[[ Given records, beginning ]]
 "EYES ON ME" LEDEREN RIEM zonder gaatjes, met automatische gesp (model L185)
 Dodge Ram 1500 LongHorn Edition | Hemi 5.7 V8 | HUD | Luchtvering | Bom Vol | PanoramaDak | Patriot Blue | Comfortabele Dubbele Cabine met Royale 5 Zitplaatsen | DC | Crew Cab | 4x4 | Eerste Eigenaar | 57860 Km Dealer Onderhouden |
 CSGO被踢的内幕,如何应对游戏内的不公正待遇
[[ Given records, end ]]
[[ Given records, beginning ]]
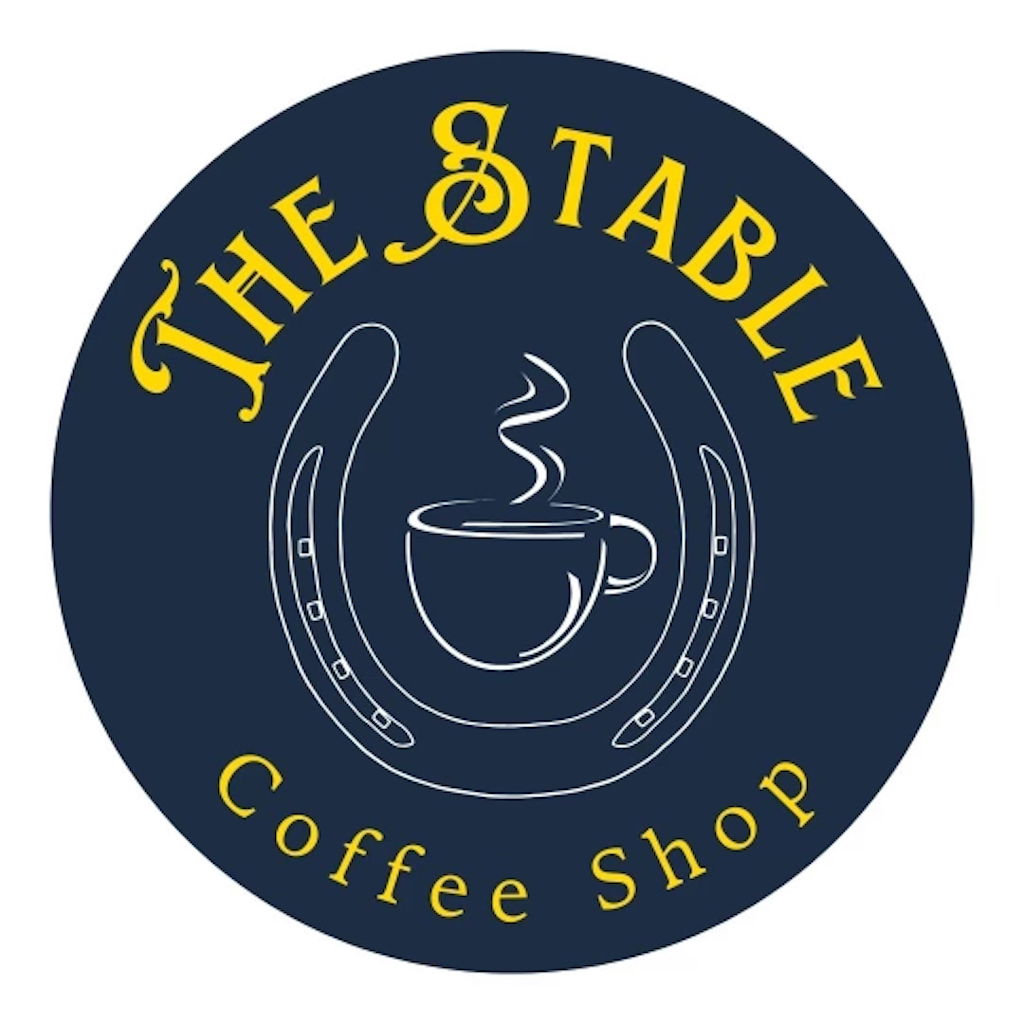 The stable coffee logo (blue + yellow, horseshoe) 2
[[ Given records, end ]]
[[ Given records, beginning ]]
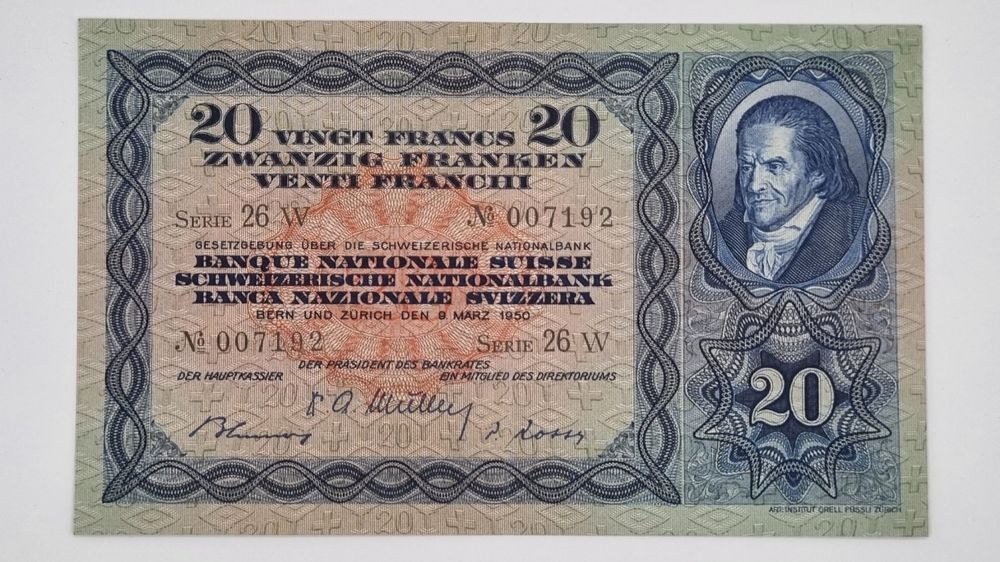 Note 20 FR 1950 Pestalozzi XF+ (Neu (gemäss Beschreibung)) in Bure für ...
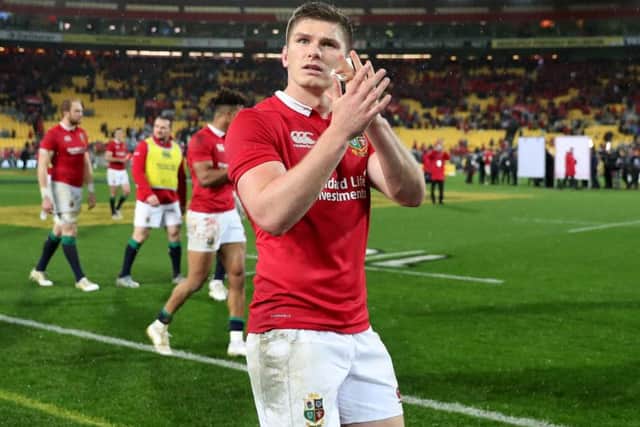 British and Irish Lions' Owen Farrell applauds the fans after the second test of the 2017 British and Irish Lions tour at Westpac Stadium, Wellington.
[[ Given records, end ]]
What you have to do.
Restate word for word every line from the one with "Note 20 FR 1950" up to and including the one with "British and Irish Lions'" in the records above, minus the pictures.

Your solution.
 Note 20 FR 1950 Pestalozzi XF+ (Neu (gemäss Beschreibung)) in Bure für ...
 British and Irish Lions' Owen Farrell applauds the fans after the second test of the 2017 British and Irish Lions tour at Westpac Stadium, Wellington.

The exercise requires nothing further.